[EXERCISE INSTRUCTIONS]
Output all of the data exactly, keeping any images out of the copy.

[DATASET SECTION]
- Opening Delimiter -

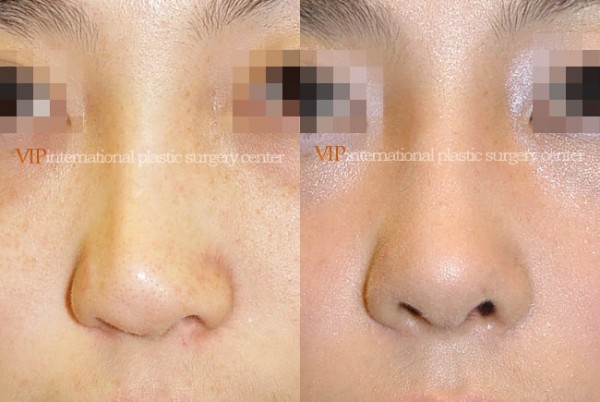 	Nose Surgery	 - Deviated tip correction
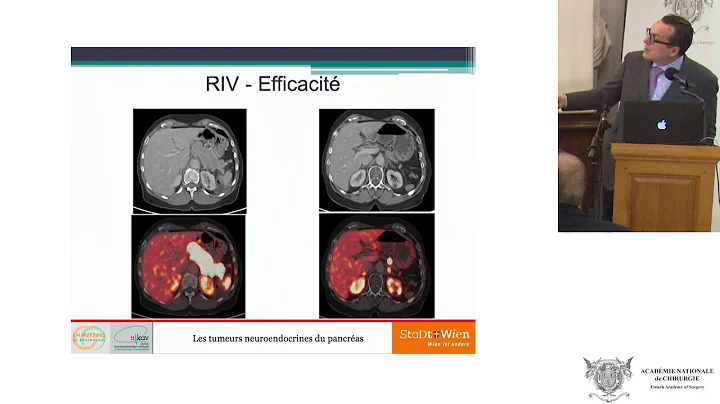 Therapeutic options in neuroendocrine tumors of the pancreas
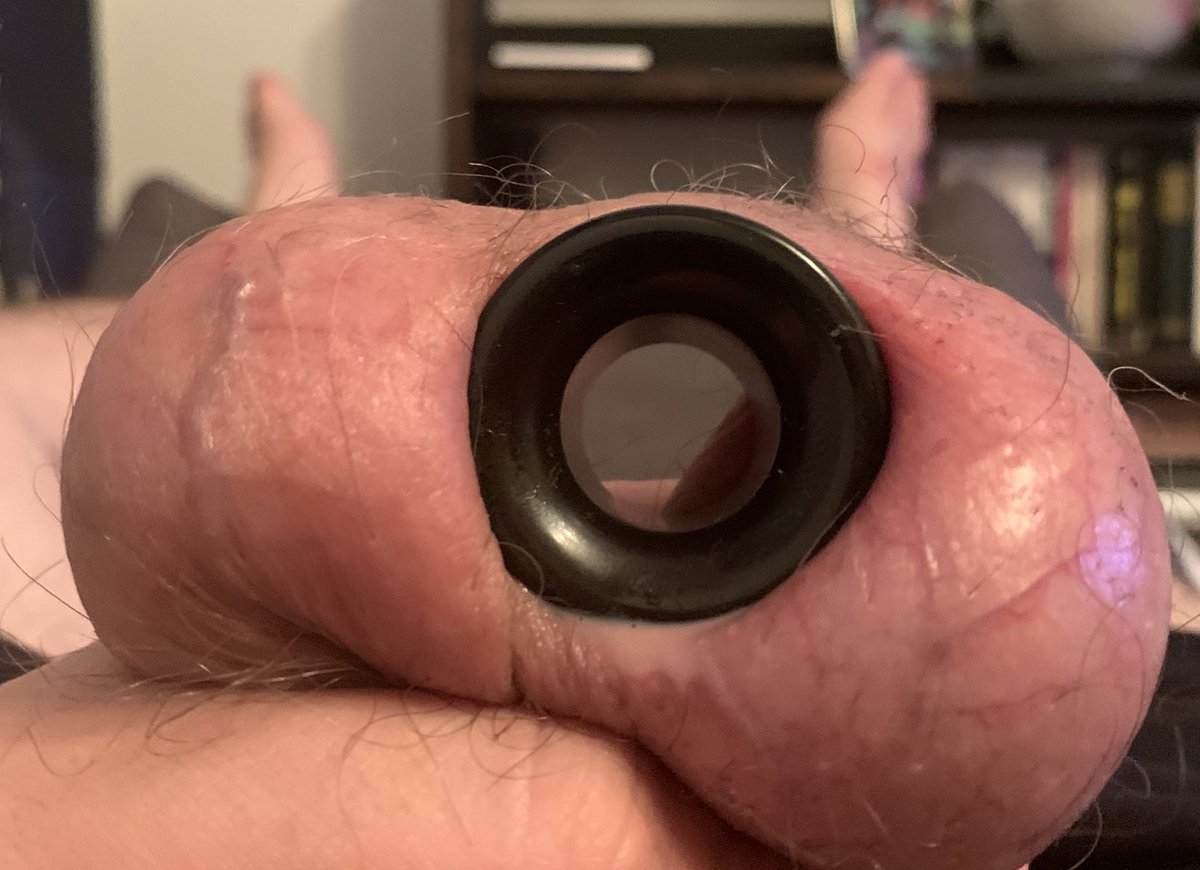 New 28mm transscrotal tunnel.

- Closing Delimiter -

[REPLY TO THE EXERCISE]
 	Nose Surgery	 - Deviated tip correction
 Therapeutic options in neuroendocrine tumors of the pancreas
 New 28mm transscrotal tunnel.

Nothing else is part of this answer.